▶ Required action:
Give back every record exactly.

▶ Data for the task:

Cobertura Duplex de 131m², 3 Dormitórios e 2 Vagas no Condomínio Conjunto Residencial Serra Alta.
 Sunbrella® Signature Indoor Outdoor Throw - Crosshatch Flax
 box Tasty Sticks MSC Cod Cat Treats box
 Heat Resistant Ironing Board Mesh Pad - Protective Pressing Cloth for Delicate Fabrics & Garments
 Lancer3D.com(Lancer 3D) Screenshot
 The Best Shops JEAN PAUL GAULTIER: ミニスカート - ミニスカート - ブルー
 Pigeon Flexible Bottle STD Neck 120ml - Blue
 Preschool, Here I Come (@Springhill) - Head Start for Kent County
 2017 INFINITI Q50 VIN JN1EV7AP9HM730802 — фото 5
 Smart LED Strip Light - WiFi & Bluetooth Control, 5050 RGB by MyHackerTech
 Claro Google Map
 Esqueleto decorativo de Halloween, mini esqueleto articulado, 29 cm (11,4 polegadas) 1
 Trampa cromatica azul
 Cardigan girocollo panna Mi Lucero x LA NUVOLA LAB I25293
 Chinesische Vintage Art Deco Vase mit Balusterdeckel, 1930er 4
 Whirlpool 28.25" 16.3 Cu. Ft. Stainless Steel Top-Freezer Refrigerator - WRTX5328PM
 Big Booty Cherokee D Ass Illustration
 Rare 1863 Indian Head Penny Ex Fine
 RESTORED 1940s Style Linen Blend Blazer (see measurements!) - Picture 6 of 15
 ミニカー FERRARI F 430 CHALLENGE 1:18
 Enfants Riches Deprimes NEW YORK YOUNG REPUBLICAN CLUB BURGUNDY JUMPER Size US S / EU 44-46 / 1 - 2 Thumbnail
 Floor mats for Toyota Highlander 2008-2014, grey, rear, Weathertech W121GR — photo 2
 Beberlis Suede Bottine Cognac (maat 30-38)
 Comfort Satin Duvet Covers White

▶ Output below:
Cobertura Duplex de 131m², 3 Dormitórios e 2 Vagas no Condomínio Conjunto Residencial Serra Alta.
 Sunbrella® Signature Indoor Outdoor Throw - Crosshatch Flax
 box Tasty Sticks MSC Cod Cat Treats box
 Heat Resistant Ironing Board Mesh Pad - Protective Pressing Cloth for Delicate Fabrics & Garments
 Lancer3D.com(Lancer 3D) Screenshot
 The Best Shops JEAN PAUL GAULTIER: ミニスカート - ミニスカート - ブルー
 Pigeon Flexible Bottle STD Neck 120ml - Blue
 Preschool, Here I Come (@Springhill) - Head Start for Kent County
 2017 INFINITI Q50 VIN JN1EV7AP9HM730802 — фото 5
 Smart LED Strip Light - WiFi & Bluetooth Control, 5050 RGB by MyHackerTech
 Claro Google Map
 Esqueleto decorativo de Halloween, mini esqueleto articulado, 29 cm (11,4 polegadas) 1
 Trampa cromatica azul
 Cardigan girocollo panna Mi Lucero x LA NUVOLA LAB I25293
 Chinesische Vintage Art Deco Vase mit Balusterdeckel, 1930er 4
 Whirlpool 28.25" 16.3 Cu. Ft. Stainless Steel Top-Freezer Refrigerator - WRTX5328PM
 Big Booty Cherokee D Ass Illustration
 Rare 1863 Indian Head Penny Ex Fine
 RESTORED 1940s Style Linen Blend Blazer (see measurements!) - Picture 6 of 15
 ミニカー FERRARI F 430 CHALLENGE 1:18
 Enfants Riches Deprimes NEW YORK YOUNG REPUBLICAN CLUB BURGUNDY JUMPER Size US S / EU 44-46 / 1 - 2 Thumbnail
 Floor mats for Toyota Highlander 2008-2014, grey, rear, Weathertech W121GR — photo 2
 Beberlis Suede Bottine Cognac (maat 30-38)
 Comfort Satin Duvet Covers White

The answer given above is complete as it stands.